La band si muoveva in una terra di nessuno della società americana nella quale confluivano tutte quelle tensioni e quella disillusione che generava una rabbia giovanile che finiva per auto-alimentarsi. Nella musica dei Germs non c’è politica dichiarata ma, paradossalmente, vi è la forma di militanza più alta, quella che nonostante tutto combatte e sanguina quando non c’è alcuna speranza di cambiamento. Una parte del Punk americano era proprio così, senza patria e senza bandiera, autenticamente senza futuro. E anche se è difficile da credere, un atteggiamento del genere in una società iper-strutturata, classista, capitalista e autoritaria come quella a stelle e strisce è una precisa scelta politica, forse la più estrema.
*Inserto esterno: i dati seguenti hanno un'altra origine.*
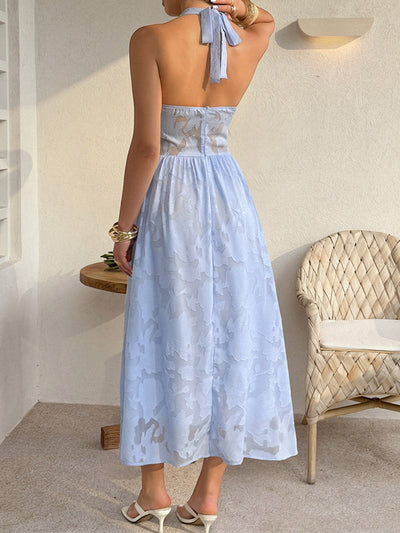 A-Line High Waisted Backless Pleated Solid Color Split-Side Halter-Neck Maxi Dresses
Quando nel dicembre del 1980 la vitalità di Crash impattò con la sua tossicomania, aveva ventidue anni, esattamente come il suo epigono Sid Vicious, morto di overdose l’anno prima al Greenwich Village di New York. We’re gonna wreak havoc on this rancid mill, I’m searcin’for something even if I’m killed, I’m a lexicon devil with a battered brain. (Sono un diavolo del lessico con un cervello marcio).
La Bandiera Nera fin dagli anni ottanta del XIX sec. sventola sopra le teste degli anarchici e dei libertari di tutto il mondo. Quando il chitarrista Greg Ginn nel 1976 decise di fondare i Black Flag sull’onda d’urto dell’esplosione del Punk era già un anarchico impenitente che voleva esprimere tutta la propria frustrazione e la propria rabbia con la forza delle proprie corde e dei propri testi. La band nel corso degli anni con gli inevitabili, frequenti cambi di formazione e arricchimenti di stile, è però sempre restata fedele al proprio credo, incarnando la rabbia sorda e l’amarezza di vite spezzate di chi ormai non ha proprio niente da perdere ma urla e geme del proprio impotente disprezzo.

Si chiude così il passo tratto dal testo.